The primary level of command required to launch the missiles is located at the battalion level to allow for retaliatory strikes if the regiment level command is destroyed, and also to allow for a greater level of independence for units.

Fixed regiments have a command, control, and fires company, a weapons and technology preparation company, and a logistics company. Launching positions are rail-based transporter erector launchers (TEL) emerging from bunkers. Most fixed companies have been phased out. Road-mobile regiments have multiple launch battalions and a technical battalion. The launch battalions have a company of missile batteries, a command and control company, and a support company.

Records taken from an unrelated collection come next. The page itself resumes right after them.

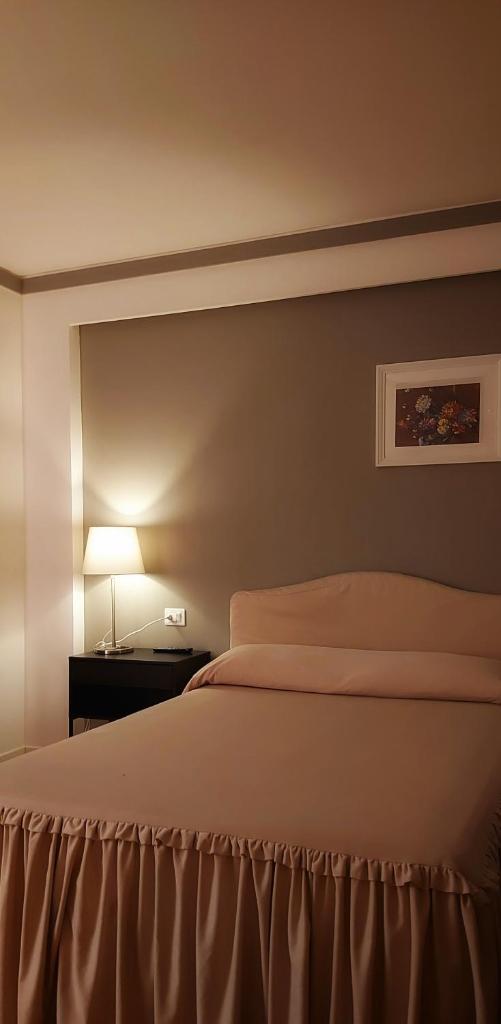 Hotel Excelsior photo 1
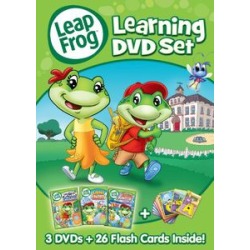 Learning Set
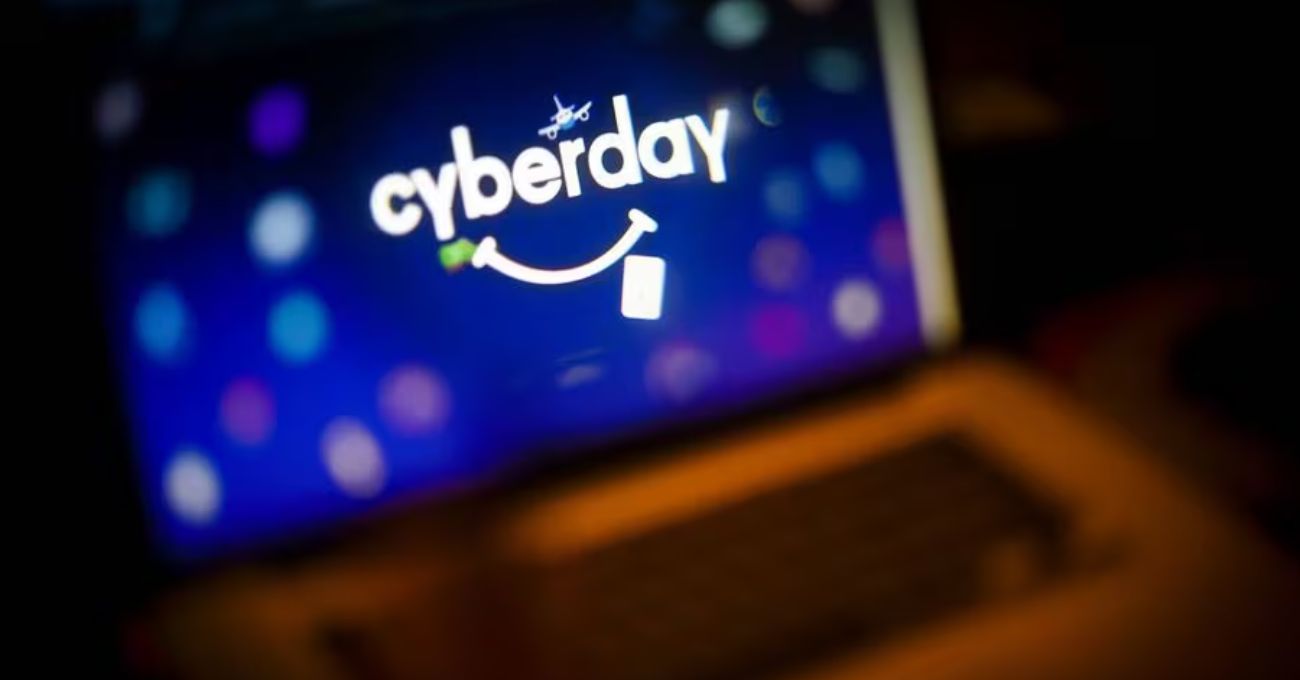"CyberDay 2024: Descuentos, ofertas y consejos para aprovechar al máximo"
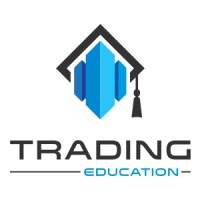 Trading-Education logo - Similar company to Listi Shop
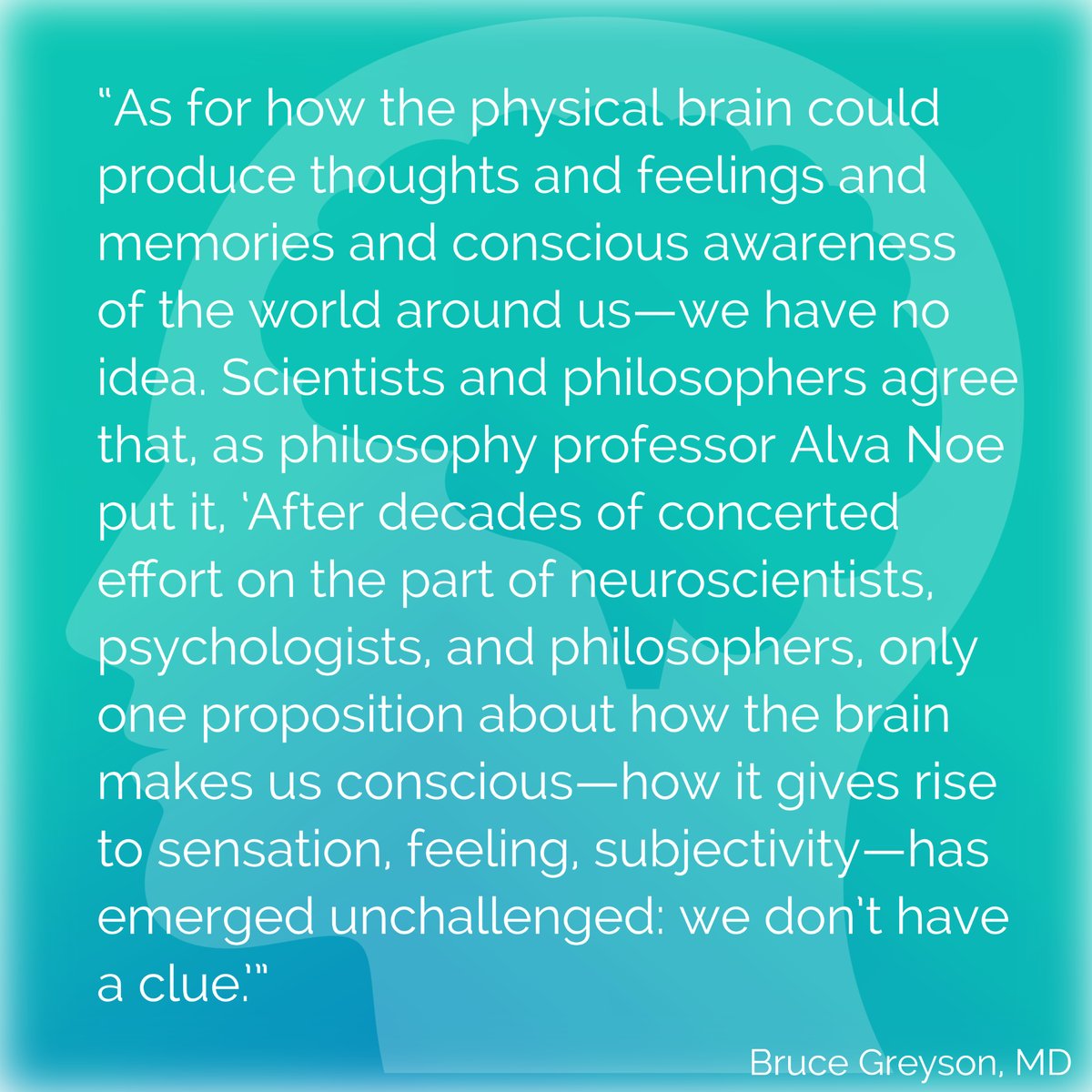 AnandaIrie's tweet photo. #lifeafterdeath #Kundalini #BruceGreyson #After #consciousness #witnessconsciousness #awareness https://t.co/p0IWBQYwcP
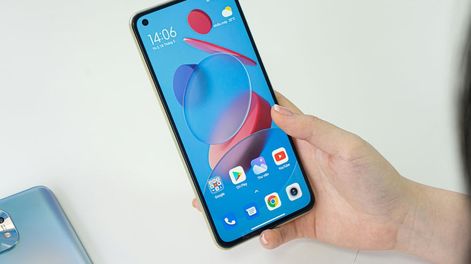 Cúál es la diferencia de precios entre Chile y Argentina a la hora de comprar celulares.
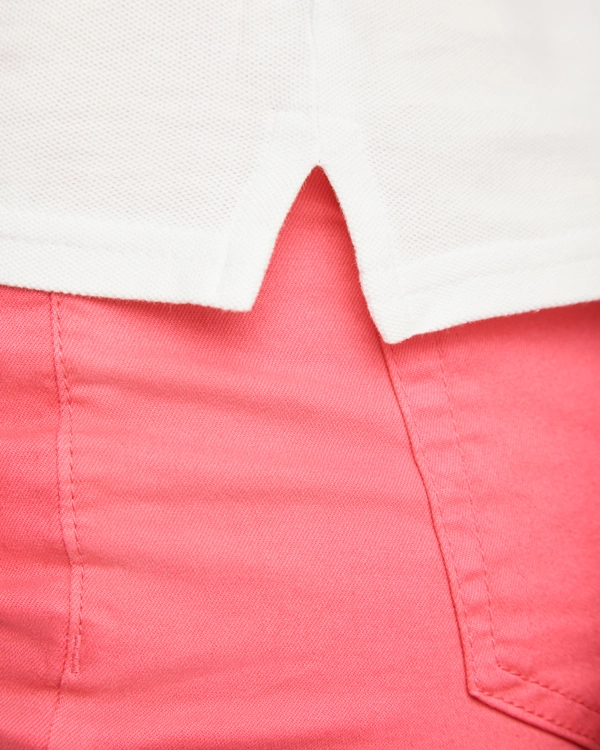 Immagine PRINCE WOMAN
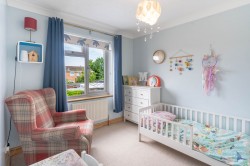 Images for Lee Close, Cottenham, CB24
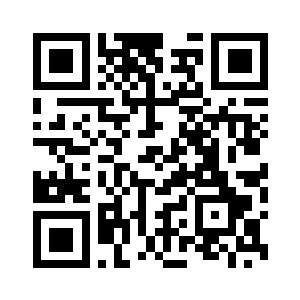 林铭的气血完全圆满二维码生成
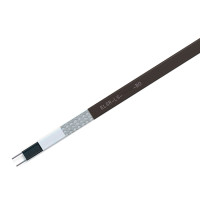 Eltherm ELSR-LS-15-2-BO, 15 Вт — греющий кабель (саморегулирующийся, экранированный)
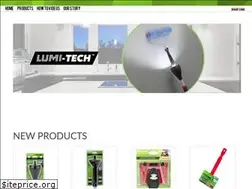 Sites similar to shurline.com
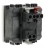 Va et vient 16A 250V axiale 2 modules Bticino Living-Light blanc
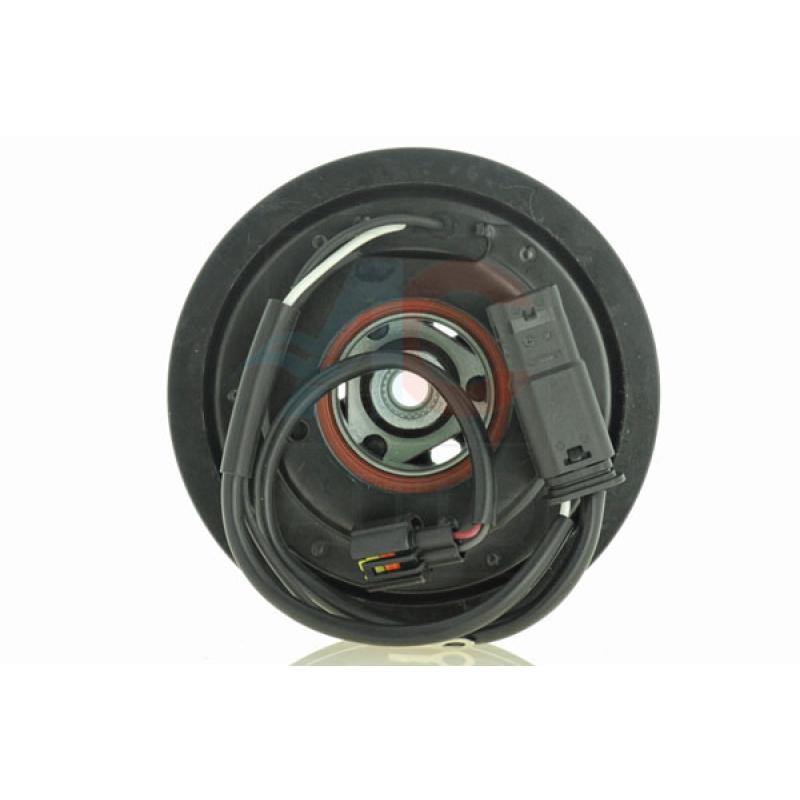 Embrayage magnétique, pour compresseurs de climatisation ACAUTO AC-06SD99 - Visuel 1
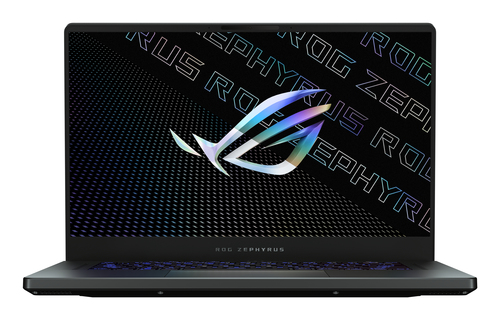ASUS ROG Zephyrus G15 GA503RS-LN050W AMD Ryzen™ 9 6900HS Laptop – image 1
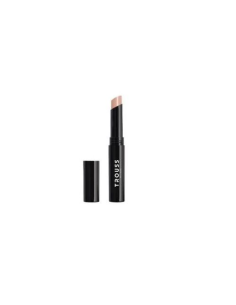 Expositor Labial Waterproof 4 Ref. x12 Und. Trouss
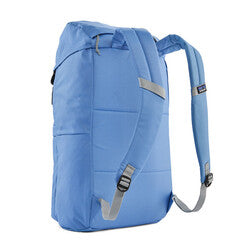 Sac à Dos Patagonia Fieldsmith Lid Pack 28 Litres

Regiments operate from areas called "barracks". Regiments may operate from multiple barracks. Protected underground facilities are common at modern barracks to reduce vulnerability to preemptive strikes and counterattack.

In 2023, the International Institute for Strategic Studies identified three regiments with a total of 72 YJ-12 or YJ-62 missiles. Independent battalions may exist.

- Eastern Theater Command Navy
  - 1st CDMF Regiment (Unit 92383) - Headquarters in Minhou county, Fuzhou; Also known as the "1st Coastal Thunderbolt Regiment" (海岸霹雳第一团)
  - 2nd CDMF Regiment (Unit 92768) - Headquarters in Chenghai district, Shantou
  - 3rd CDMF Regiment (Unit 92706) - Headquarters in Beilun district, Ningbo
  - Up to 3 independent CDMF battalions in Pingtan County, Dongtou district and Putuo District

- Northern Theater Command Navy
  - 11th CDMF Regiment (Unit 91980) - Headquarters in Zhifu district, Yantai, 2 batteries in Rongcheng city, Weihai
  - Tiger Tail Coastal Defense Artillery
  - 1 fixed CDMF regiment (unverified) in Lushunkou district, Dalian

- Southern Theater Command Navy
  - 12th CDMF Regiment (Unit 91172) - Stationed in Tianya district, Sanya
  - 1 CDMF battalion on Woody Island, Sansha

Facilities for one CDMF battalion each are located in the north Subi Reef, south Subi Reef, Fiery Cross Reef, and Mischief Reef.

==Equipment==

=== Missiles ===
As of 2024, the PLANCDF is primarily armed with YJ-12B and YJ-62 anti-ship missiles.

=== TELs ===
The Wanshan 2400 TEL carries three YJ-62s in cylindrical tubes. The Wanshan 2600 TEL carries three YJ-12Bs in square tubes.

=== Firearms ===
The QBZ-95 is used for base security.